How do I simplify $\frac{1}{1+\frac{x^2}{2}+\frac{5x^4}{48}+\frac{7x^6}{576}\dots}$ using long division? The infinite series $\frac{1}{1+\frac{x^2}{2}+\frac{5x^4}{48}+\frac{7x^6}{576}\dots}$ is supposed to simplify to $1-\frac{x^2}{2}+\frac{7x^4}{48}+\frac{19x^6}{576}\cdots$ but I don't know how this was calculated.

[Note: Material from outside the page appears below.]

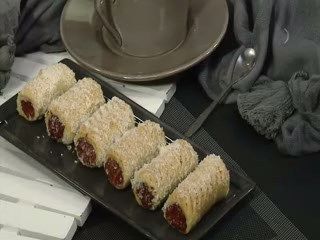 Recette Des Doigts Aux Dattes Gateau Traditionnel Algerien وصفة حلوة تقليدية جزائرية أصابع بالتمر Algerie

Did I make an error or did Zill make an error on the $x^6$ term (I got $\frac{11}{576x^6}$.)
 A: Actually, I got
$$1-\frac{x^2}{2}+\frac{7x^4}{48}-\frac{19x^6}{576}\cdots$$
Let
$$D = 1+\frac{x^2}{2}+\frac{5x^4}{48}+\frac{7x^6}{576}\dots,$$
your divisor.
First remainder is
$$R_1 = 1 - 1D = -\frac{x^2}{2} - \frac{5x^4}{48} - \frac{7x^6}{576} + O(x^8).$$
Second remainder (for the $-x^2/2$ term) is 
$$R_2 = R_1 - \left(-\frac{x^2}{2}\right)D = \frac{7x^4}{48} + \frac{23x^6}{576} + O(x^8).$$
Third remainder (for the $5x^4/48$ term) is
$$R_3 = R_2 - \left(\frac{7x^4}{48}\right)D = -\frac{19x^6}{576} + O(x^8),$$
which gives the last term.
A: Assume that:
$$\frac{1}{1+\frac{x^2}{2}+\frac{5x^4}{48}+\frac{7x^6}{576}+\ldots} = 1+a_2 x^2+a_4 x^4 + a_6 x^6 + \ldots $$
and multiply both sides by $1+\frac{x^2}{2}+\frac{5x^4}{48}+\frac{7x^6}{576}+\ldots$. If, after that, we consider the coefficient of $x^2$ in both sides, we get $\frac{1}{2}+a_2=0$, so $a_2=-\frac{1}{2}$. If we consider the coefficient of $x^4$, we get $\frac{5}{48}+\frac{1}{2}a_2+a_4=0$, hence $a_4=\frac{7}{48}$. If we consider the coefficient of $x^6$, we get:
$$ \frac{7}{576}+\frac{5}{48}a_2 + \frac{1}{2}a_4 + a_6 = 0, $$
hence $\color{red}{a_6=-\frac{19}{576}}$.